| Material to process |
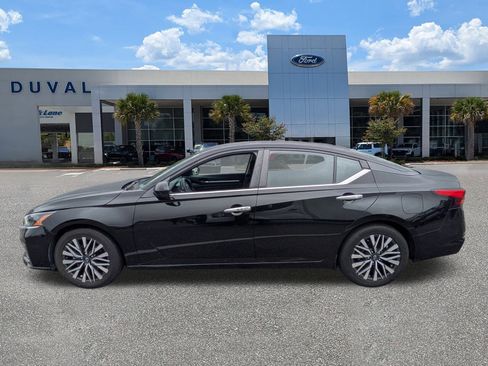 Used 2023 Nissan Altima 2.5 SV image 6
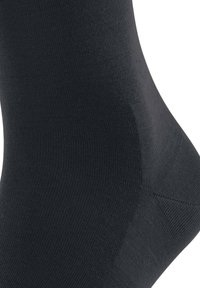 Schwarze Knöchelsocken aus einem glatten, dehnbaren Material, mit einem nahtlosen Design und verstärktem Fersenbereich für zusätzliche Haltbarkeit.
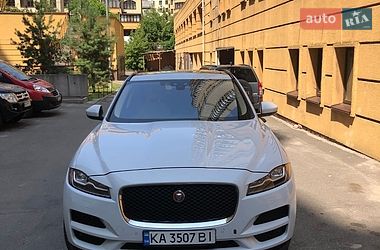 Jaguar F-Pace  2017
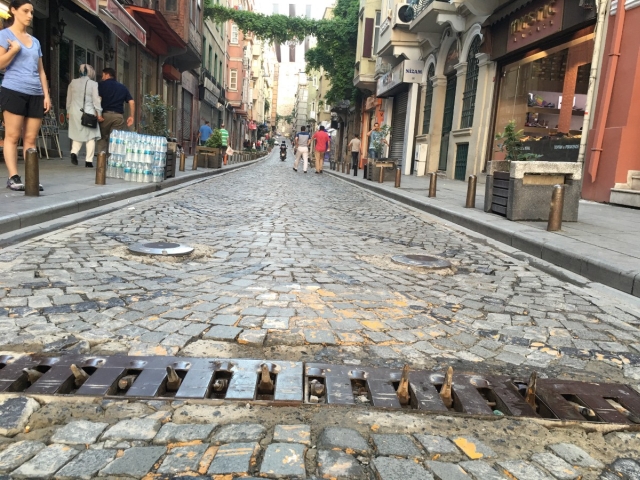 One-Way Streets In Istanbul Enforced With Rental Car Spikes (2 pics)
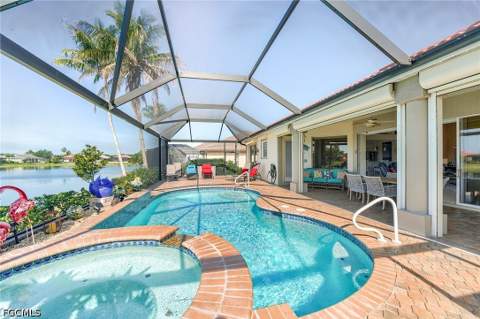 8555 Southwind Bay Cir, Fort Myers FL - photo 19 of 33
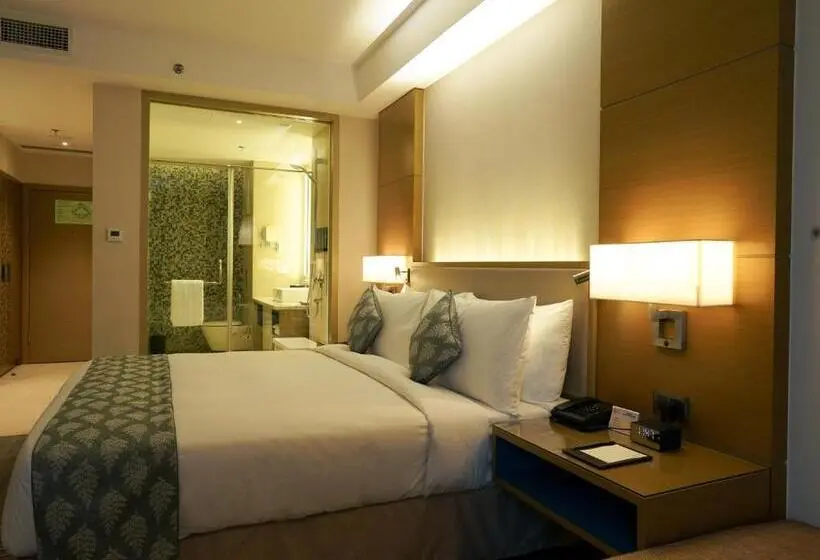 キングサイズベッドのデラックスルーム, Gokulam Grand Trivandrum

--

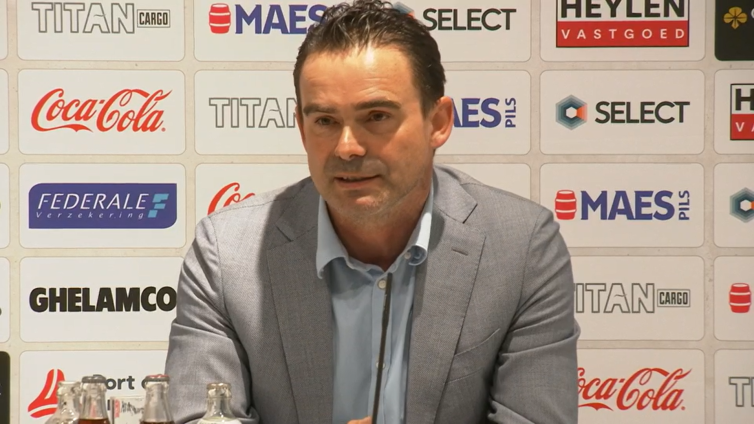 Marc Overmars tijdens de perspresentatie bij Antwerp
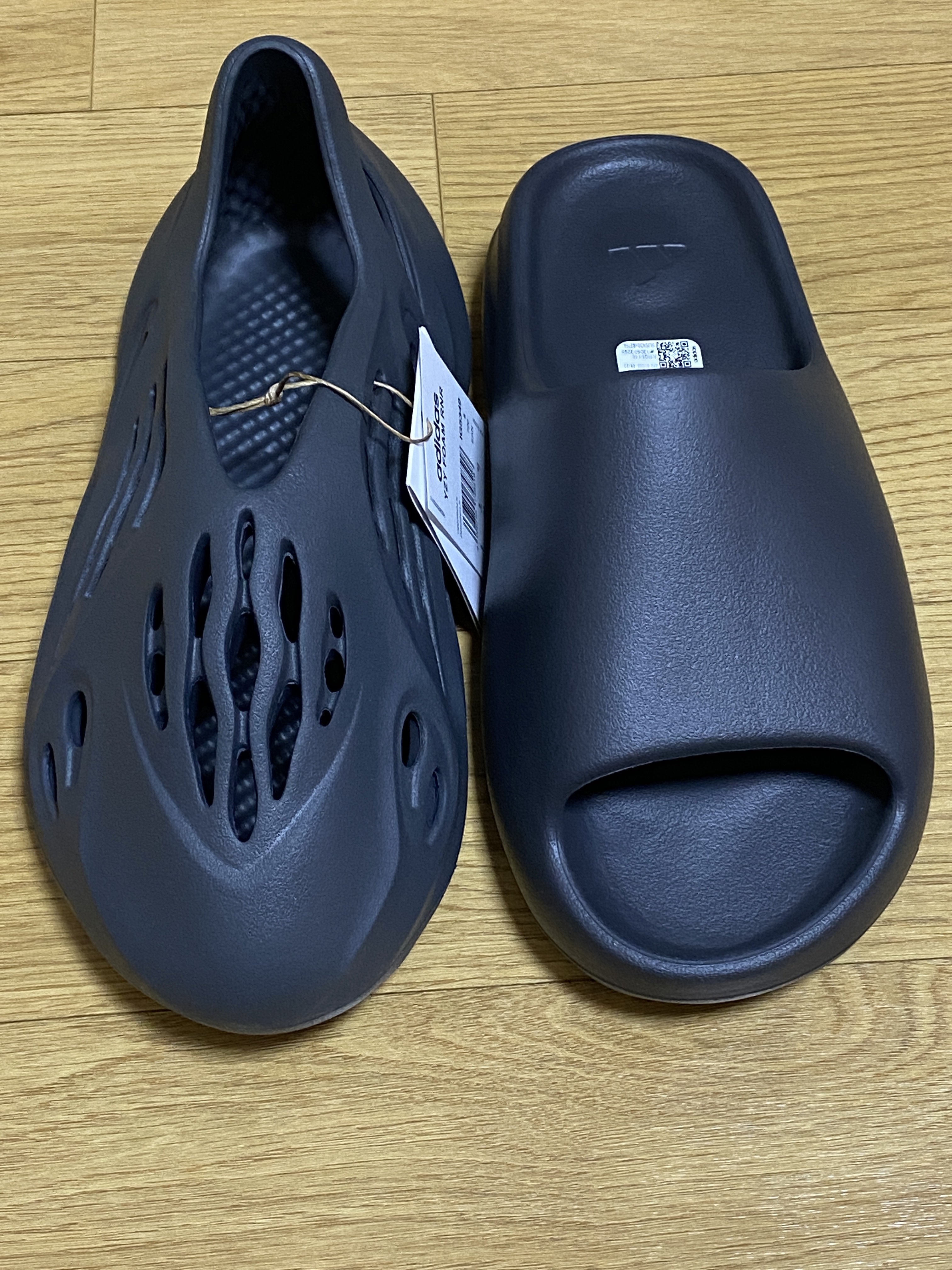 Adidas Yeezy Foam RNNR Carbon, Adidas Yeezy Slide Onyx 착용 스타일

| Requirement |
Given the listing above, retype only the span of lines from the line with "Marc Overmars tijdens" up to and including the line with "Adidas Yeezy Foam", exactly as it stands and without pictures.

| Response below |
 Marc Overmars tijdens de perspresentatie bij Antwerp
 Adidas Yeezy Foam RNNR Carbon, Adidas Yeezy Slide Onyx 착용 스타일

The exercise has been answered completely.